In early 2010, Mike Babcock, a former lumber mill owner, started Oregon Seafoods as a small canning company in Coos Bay. Babcock started investigating “retort pouches” as a way to can West Coast albacore tuna and offer a lightweight alternative to traditional steel cans. He contacted Whitham, a seafood product development specialist who has a master’s degree in food science from OSU and has worked in food processing for more than 30 years.

Mr Whitham first helped Mr Babcock set up his retort canning operation in summer of 2010, and later helped him develop a line of albacore tuna that included four flavours: sea salt, salt-free, smoked and jalapeno-infused. The flavours and packaging were tested at the OSU Food Innovation Center in Portland, and this fall Mr Babcock began shipping packaged albacore to Oregon grocery stores under the brand Sea Fare Pacific.

“At the moment we are in about 15 stores in Oregon,” said Mr Babcock. “And we are adding to that list weekly.”

All eight Market of Choice locations carry Sea Fare Pacific tuna. The entrepreneur said he likes having his product packaged and sold locally. “There is a tremendous amount of [West Coast] albacore that goes to Canada, Thailand and Spain, and most of that doesn’t get processed here with US labour,” said Mr Babcock. “We are trying to change that.”

Mr Babcock’s facility has six full-time employees along with several contract workers during the busy fishing season. “We are going to continue to add to that number as our market share increases," he said.

Mr Whitham said part of the appeal of Oregon Seafoods’ tuna is the processing and packaging he helped them develop.
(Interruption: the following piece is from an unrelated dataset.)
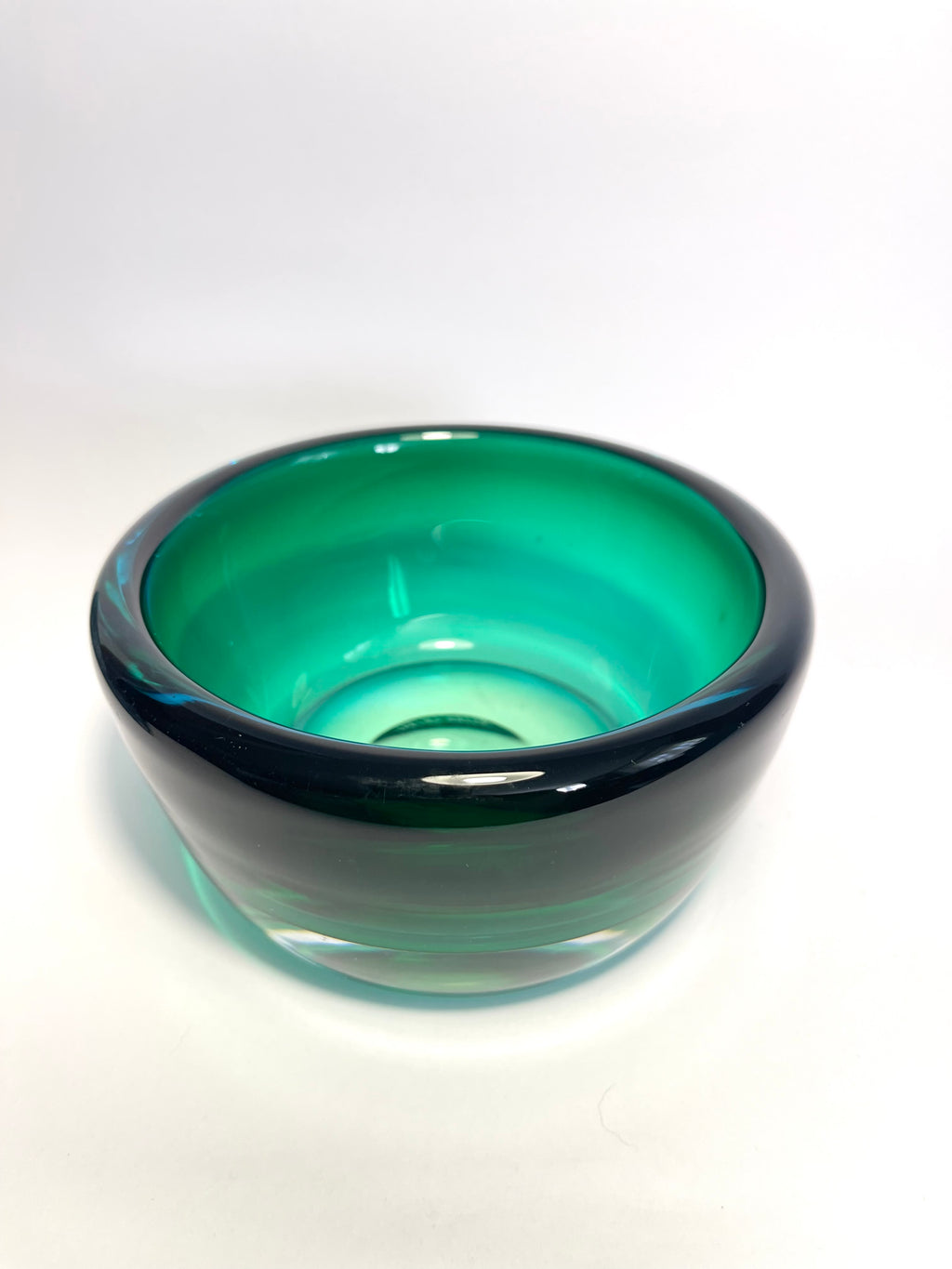 Green glass bowl by Vicke Lindstrand for Kosta, c.1960s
“Most store-bought tuna is twice cooked – that means they cook all the nutrients and flavour out of it,” said Mr Whitham. “Our product is cooked once and it retains all the good fats, juices and nutrients, and it tastes much better.”

Mr Whitham, who started with Oregon Sea Grant Extension in 2005, is also helping Stan Egaas, owner of the Berry Patch Restaurant in Westport, Oregon, set up a retort canning facility. Egaas said he plans to sell a series of packaged soups starting spring 2012.

Mr Egaas and Mr Whitham are developing recipes for razor clam chowder, salmon chowder, and chanterelle mushroom soup and gravy. Mr Egaas said he is targeting high-end grocery stores to sell his soups and gravy, and he hopes to have three to four employees working either full- or part-time at the facility by summer 2012.

"If it goes well,” said Mr Egaas, “we can thank Mark [Whitham] for the quality of the product. His expertise in this has been invaluable."

Mr Whitham is also working with the Confederated Tribes of Warm Springs on planning a packaging facility. Ron Suppah, vice chairman of the Warm Springs’ tribal council, said the tribes were losing as much as 20 percent of their salmon to freezer burn each year. Looking for a solution, Suppah was introduced to Mr Whitham through a contact at the Columbia River Inter-Tribal Fish Commission.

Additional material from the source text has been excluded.